音声広告は、これから急速に発展すると考えられるため、まだ詳しくは知らないという方も多いのではないでしょうか。そこで今回は音声検索によるネット広告への影響をテーマにします。

音声検索(VSO)が今後活発になる

これまで主流だったテキスト検索における検索エンジン対策はSEOと言いますが、音声検索の最適化はVSO(Voice Search Optimization)と呼ばれています。テキスト検索と音声検索では、検索語句に違いが生じるため、対策においてもポイントが異なるのです。

音声検索の場合は、話し言葉や会話調の検索語句が多くなるでしょう。必然的にクエリが長くなるのです。そのため、FAQのような質疑応答をコンテンツにした方が、マッチしやすいのではないかという考え方もあります。5W1Hを含んだ質問は、ユーザーが音声検索に使いやすいこともありVSOに有効です。対応コンテンツとともに、ユーザーがどのようなシーンで音声検索を行うかなど、具体的なシミュレーションも重要になってくるのがVSOとも言えます。

一方、対応コンテンツばかりではなく、ページの表示速度にも配慮が必要です。音声検索の場合は、質問の後に素早いレスポンスを必要とするため、サイトがすぐに表示される方が理想的でしょう。そのため、表示速度の速いページのほうが優位になるとも考えられます。「Google PageSpeed Insights」という無料の表示速度改善ツールを使って調査するべきです。これらはVSOとして行うべき対策の一部であり、実際にはより多くの施策が行われます。

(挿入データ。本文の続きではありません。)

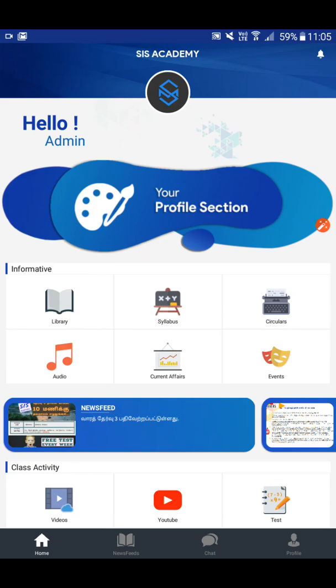Hello everyone, welcome to SIS Academy. In our app, we will see a folder. First, we will see the folder in our app.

このように、音声検索の変化によって、これまでのSEOとは異なる視点でVSOを遂行しなければいけません。「売上アップのためにSEO対策をしたい」という声をよく耳にしていましたが、これからはVSOも馴染み深い言葉になるでしょう。ここは、今後活発になる施策として、先手を打つべきところなのです。

参考:新しいSEO?注目の「VSO」とは|CMSPRO

音声検索(VSO)に合わせて広告も音声広告になる

音声検索の利用者の増加に伴って、マーケティングもそれに対応していかなければいけません。Webサイトだけではなく、広告も音声に対応する必要があります。

私たちを取り巻く環境は音声をテキスト化する音声認識だけではなく、自然言語処理が可能なのです。人間の言葉から、その意味を解析し、意図に合致した処理ができる時代を迎えています。もちろん、人間ならではの曖昧な表現などにより精度の向上にはこれからも時間を要しますが、広告にもAIが効果的に稼働するでしょう。

これまでと変わらず企業が広告に求めることは「精度」です。いかにコンバージョンを獲得するかが重要であり、ユーザーのニーズを的確に捉えた広告が求められます。音声検索により、ユーザーの検索意図に見事にマッチした音声広告があらゆるシーンで配信されるようになるでしょう。

音声広告というと、アナログではラジオ広告をイメージする人が多いと思います。ご存知のように、ラジオ広告は、ユーザーごとに最適化されるわけでもなく、インタラクティブなわけでもありません。この点において、音声広告は大きく進化を遂げる段階にあるのです。IoT(モノのインターネット)がさらなる普及と実現する中、音声は新たなインターフェースとして、さらに身近になるはずです。

また、音声広告は自宅だけではなく、外出先などのあらゆるシーンでユーザーに最適化されるでしょう。位置情報により近くの店舗の音声広告が配信されるだけではなく、ユーザーが好みを伝え、最適な店舗や施設のプロモーション情報を配信するということも日常になりそうです。マーケターにとって、より自然にユーザーとコミュニケーションができる音声広告に期待しましょう。